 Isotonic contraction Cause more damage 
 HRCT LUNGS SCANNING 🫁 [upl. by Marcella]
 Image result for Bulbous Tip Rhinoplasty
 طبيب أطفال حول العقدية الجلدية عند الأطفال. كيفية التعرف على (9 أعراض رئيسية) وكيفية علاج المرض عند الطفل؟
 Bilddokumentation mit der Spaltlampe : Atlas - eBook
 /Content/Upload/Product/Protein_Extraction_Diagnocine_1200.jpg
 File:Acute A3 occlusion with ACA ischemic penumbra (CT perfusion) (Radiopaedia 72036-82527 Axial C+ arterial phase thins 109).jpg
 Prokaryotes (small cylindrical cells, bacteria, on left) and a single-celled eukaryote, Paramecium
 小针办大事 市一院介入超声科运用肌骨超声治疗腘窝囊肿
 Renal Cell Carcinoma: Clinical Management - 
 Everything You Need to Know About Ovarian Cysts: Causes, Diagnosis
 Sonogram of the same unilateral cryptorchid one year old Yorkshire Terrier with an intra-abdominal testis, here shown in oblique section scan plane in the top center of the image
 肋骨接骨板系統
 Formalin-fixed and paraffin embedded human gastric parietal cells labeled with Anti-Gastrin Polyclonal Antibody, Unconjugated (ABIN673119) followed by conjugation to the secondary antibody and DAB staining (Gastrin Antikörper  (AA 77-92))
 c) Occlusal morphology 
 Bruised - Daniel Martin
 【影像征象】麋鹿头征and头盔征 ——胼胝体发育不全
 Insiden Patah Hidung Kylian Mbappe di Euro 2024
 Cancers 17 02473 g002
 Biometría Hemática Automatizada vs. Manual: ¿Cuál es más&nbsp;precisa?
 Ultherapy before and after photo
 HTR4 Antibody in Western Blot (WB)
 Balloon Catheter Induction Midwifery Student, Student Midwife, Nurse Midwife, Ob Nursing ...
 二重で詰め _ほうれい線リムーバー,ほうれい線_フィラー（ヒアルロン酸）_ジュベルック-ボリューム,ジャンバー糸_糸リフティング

○ ○ ○

• PROBLEM REQUIREMENTS: As listed above, the lines from the line with "HRCT LUNGS SCANNING 🫁 [upl. by Marcella]" to the line with "Bilddokumentation mit der" are to be echoed exactly, with both ends included and nothing added.

• TASK SOLUTION:
 HRCT LUNGS SCANNING 🫁 [upl. by Marcella]
 Image result for Bulbous Tip Rhinoplasty
 طبيب أطفال حول العقدية الجلدية عند الأطفال. كيفية التعرف على (9 أعراض رئيسية) وكيفية علاج المرض عند الطفل؟
 Bilddokumentation mit der Spaltlampe : Atlas - eBook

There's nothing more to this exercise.